Purpose: While there is still a significant need to identify potential biomarkers that can predict which patients are most likely to respond to immunotherapy treatments, radiomic approaches have shown promising results. The objectives of this study were to evaluate whether a previously validated radiomics signature of CD8 T-cells could predict progressions at a lesion level and whether the spatial heterogeneity of this radiomics score could be used at a patient level to assess the clinical response and survival of melanoma patients.

Methods: Clinical data from patients with advanced melanoma treated in our center with immunotherapy were retrieved. Radiomic features were extracted and the CD8 radiomics signature was applied. A progressive lesion was defined by an increase in lesion size of 20% or more. Dispersion metrics of the radiomics signature were estimated to evaluate the impact of interlesion heterogeneity on patient's response. Fine-tuned cut-offs for predicting overall survival were evaluated after splitting data into training and test sets.

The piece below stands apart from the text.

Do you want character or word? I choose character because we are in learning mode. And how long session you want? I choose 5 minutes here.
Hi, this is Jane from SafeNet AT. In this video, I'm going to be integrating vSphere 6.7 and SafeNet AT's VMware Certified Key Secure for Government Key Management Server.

Results: A total of 136 patients were included in this study, with 1120 segmented lesions at baseline, and 1052 lesions at first evaluation. A low CD8 radiomics score at baseline was associated with a significantly higher risk of lesion progression (AUC=0.55, p=0.0091), especially for lesions larger than >1 mL (AUC=0.59 overall, p=0.0035, with AUC=0.75, p=0.002 for subcutaneous lesions, AUC=0.68, p=0.01, for liver lesions and AUC=0.62, p=0.03 for nodes). The least infiltrated lesion according to the radiomics score of CD8 T-cells was positively associated with overall survival (training set HR=0.31, p=0.00062, test set HR=0.28, p=0.016), which remained significant in a multivariate analysis including clinical and biological variables.

Conclusions: These results confirm the predictive value at a lesion level of the biologically inspired CD8 radiomics score in melanoma patients treated with anti-PD1-based immunotherapy and may be interesting to assess the disease spatial heterogeneity to evaluate the patient prognosis with potential clinical implication such as tumor selection for focal ablative therapies.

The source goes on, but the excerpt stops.